From the start Google Fiber will be able to deliver targeted advertising. And for the first time, Google will have accounts with physical addresses tied to them. Imagine being able to offer ads targeted to a specific street and customer interest and to overlay info/reviews from Google Maps or run a TV-based Google Offers. Perhaps small business owners upload their own video ads to YouTube and set parameters on who they want to see it and when. These are just a few of the new business models that Google could explore. Cable will be watching to see which ones work.2. The business case for “fiberhoods”
Google is taking an unorthodox approach to building out fiber. It’s targeting communities that organize themselves to demand service instead of anticipating demand. Typically, new service entrants can expect to gain around 15 percent market share but with Google’s self-selecting approach, it can do better and potentially undercut traditional fiber deployment costs. Google further increases deployment density and paves the way for future upgrades by offering a free 5 Mbps down and 1 Mbps up service free to customers that pay a $300 connection charge.

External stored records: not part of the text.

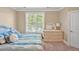 Bright bedroom with a wicker dresser, a large window, and patterned bedding, creating a relaxing atmosphere at 110 Tressel Way, Durham, NC 27707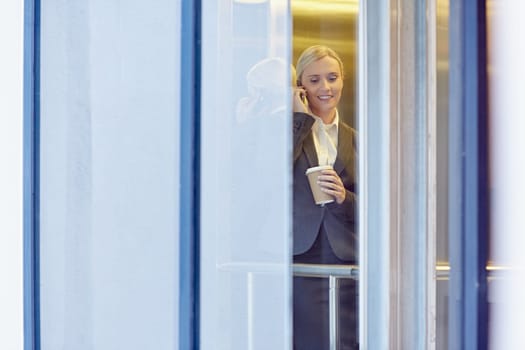 A young businesswoman talking on the phone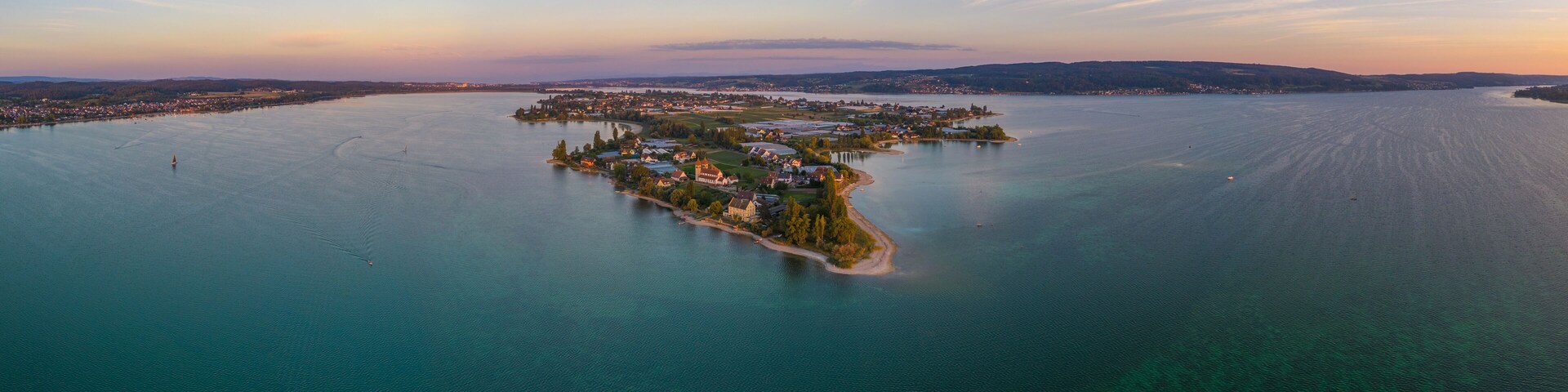 An aerial view of a small island with buildings and a lighthouse, surrounded by calm water and distant hills.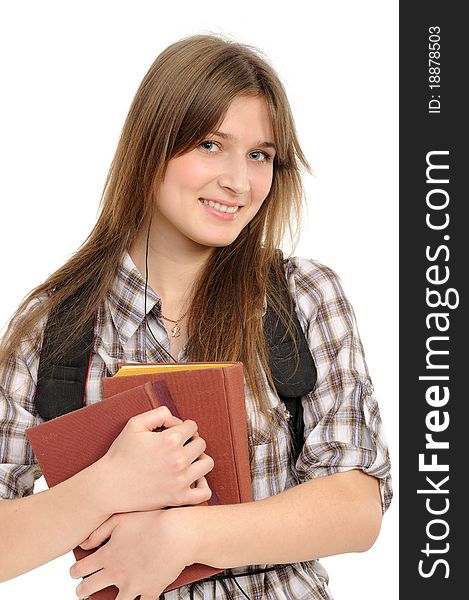 Beautiful girl with a backpack, holds the book, on a white background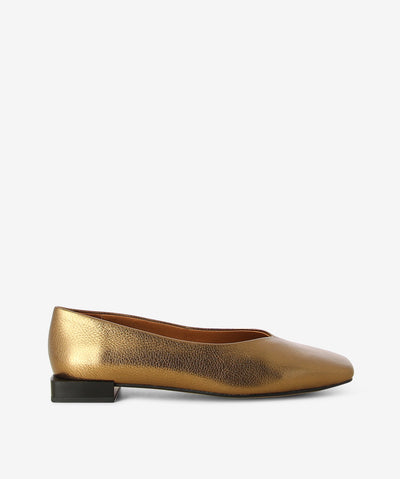 Bronze metallic flats by Neo. It is a slip on style and features a low square heel, textured metallic upper, and a chisel toe.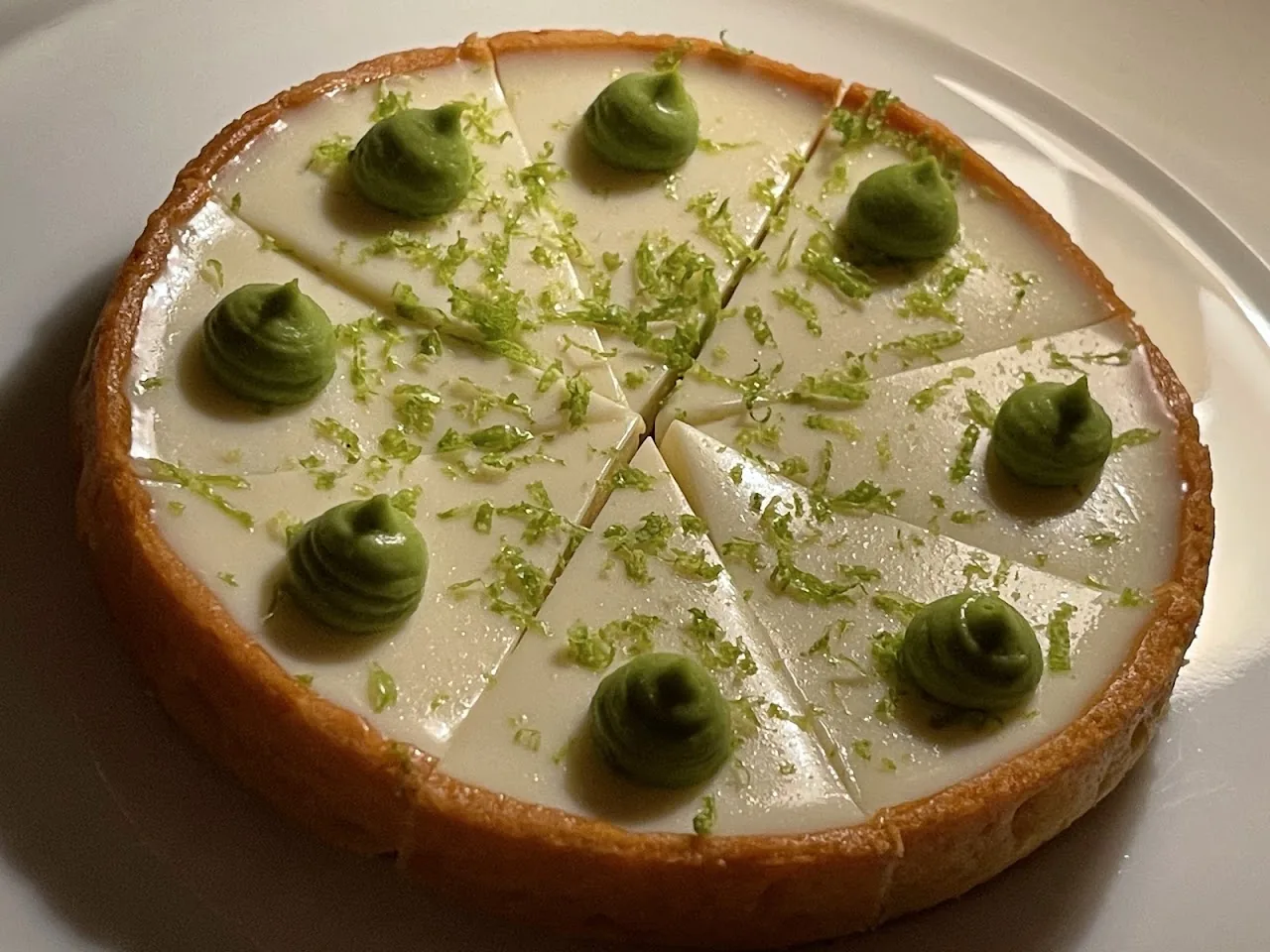 A lime tart with dollops of green cream on top, cut into wedges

While this approach could face regulatory scrutiny beyond Kansas City, cable operators can learn whether similar approaches could help with their own infrastructure upgrade deployments.3. Can Google keep payments simple?
Cable operators have been collecting payments from a diverse subscriber base for a long time. This has required upkeep of billing systems, payment centers and the processing of every type of payment imaginable. While it varies by region, as many as 10 percent of cable subscribers choose to make payments at retail locations and 15-25 percent pay by cash.
Google will start by only accepting credit cards. Granted, it is dealing with a much smaller (and self-selected) subscriber base. But cable should be interested in the penetration Google gets with limited payment options.4. Will the Nexus 7 tablet more deeply engage subscribers?
Google Fiber TV subscribers will use the well-reviewed Nexus 7 tablet to control the service. Theoretically a “second screen” interface will provide a more immersive and interactive TV experience, leading to a more engaged customer. Cable will want to see if giving away a $200 device delivers ROI in this regard.5. Where will Google take programming?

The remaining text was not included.